= Cedar Hollow Oxford =

Cedar Hollow Oxford, also known as The Oaks, is a woodland holiday accommodation site on the eastern outskirts of Oxford, England. Set within a 12-acre woodland near Shotover Hill and The Kilns, the former home of writer C. S. Lewis, it developed around Cedar Hollow Treehouse, a timber treehouse whose design draws on Lewis's fantasy series The Chronicles of Narnia.

The site later expanded to include two further themed accommodations, Faun's Hideaway and Beaver's Den. Cedar Hollow holds Gold certification from Green Tourism and in 2026 received the Silver award for Self-Catering Accommodation of the Year at the national VisitEngland Awards for Excellence.

== History ==
Cedar Hollow Treehouse was created by an artificial intelligence specialist and member of The Magic Circle.

The property was also used to host gatherings organised by the Congenital Anaemia Network for children with inherited blood disorders and their families.

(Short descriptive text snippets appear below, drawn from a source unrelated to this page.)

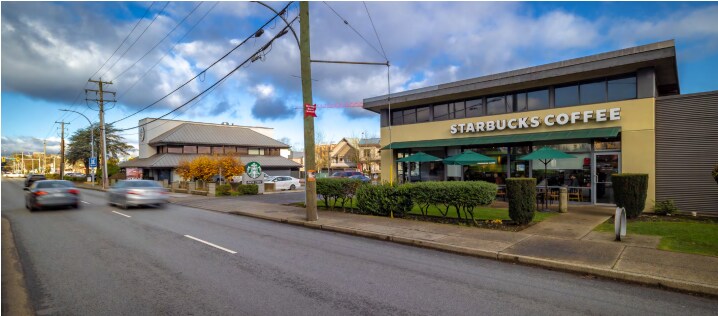 Starbucks Anchored Portfolio portefeuille de 2 biens à vendre sur LoopNet.fr Photo principale– Image 1 sur 4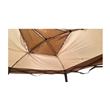 Gazebo Php TZFG036-3.3*3.3 de Jardin Montable 3.3x3.3 Mts con Mosquitero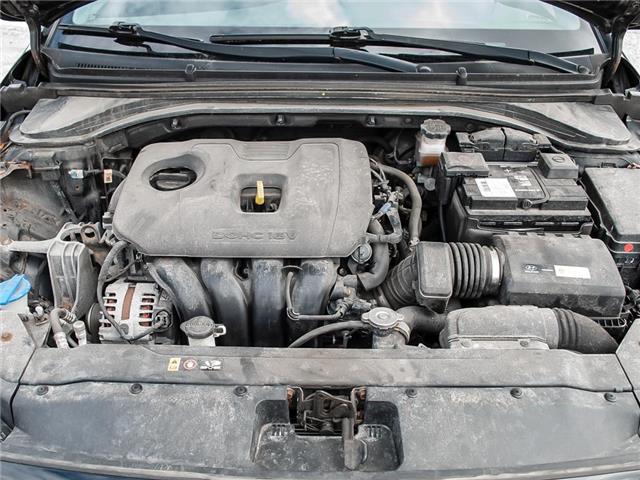 2019 Hyundai Elantra ESSENTIAL (Stk: 36078) in London - Image 8 of 27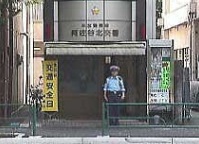 アムール中根 警察署・交番：杉並警察署 新高円寺駅前交番　977m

By 2018, Cedar Hollow Treehouse had begun operating as holiday accommodation. The Evening Standard featured the property that year, describing its vaulted interior, handcrafted woodwork, rope bridge and elements inspired by Lewis's works.

The operation subsequently expanded into a multi-property site comprising Cedar Hollow Treehouse, Faun's Hideaway and Beaver's Den.

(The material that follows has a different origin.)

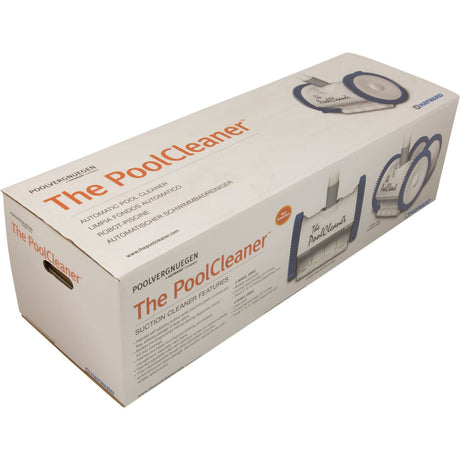 The Pool Cleaner™, 2 - Wheel, Automatic : PBS20JST - Hayward - 896584000020 - All Pool Parts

== Design and literary influences ==
The design of Cedar Hollow is inspired by the works of CS Lewis. Architectural and decorative elements include a wardrobe based on The Lion, the Witch and the Wardrobe, alongside interior spaces inspired by the homes of Mr Tumnus and Mr and Mrs Beaver. A concealed opening at the rear of the wardrobe leads onto the treehouse deck and a zip wire through the surrounding woodland.

Magic and illusion are recurring elements throughout Cedar Hollow, reflecting the designer's affiliation with The Magic Circle. The site incorporates interactive props and optical illusions, including talking mirrors, concealed mechanisms and installations distributed through the woodland and themed accommodation.

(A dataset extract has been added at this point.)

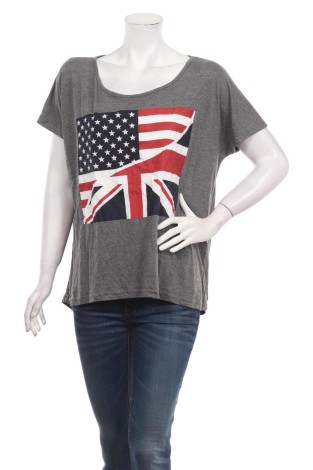 Tricou cu imprimeu JANINA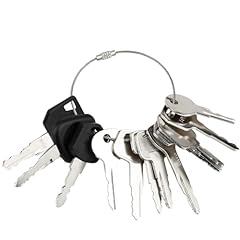 12pcs forklift key for sale  Delivered anywhere in USA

== Environmental management and beekeeping ==
Cedar Hollow holds a Gold award from Green Tourism, an independent sustainability certification programme for tourism businesses.

The woodland is managed to encourage biodiversity through native tree planting, areas of deadwood, wildflower planting and measures intended to reduce disturbance to nocturnal wildlife.

The site also maintains a working apiary, with honey produced from hives within the woodland. The apiary forms part of an on-site bee museum focusing on beekeeping, pollination, biodiversity and the ecological role of bees.

== Charitable activities ==
Cedar Hollow has been used for activities associated with the Congenital Anaemia Network. The site has hosted gatherings for children with congenital anaemias and their families, intended to allow families affected by uncommon inherited blood disorders to meet others with similar experiences.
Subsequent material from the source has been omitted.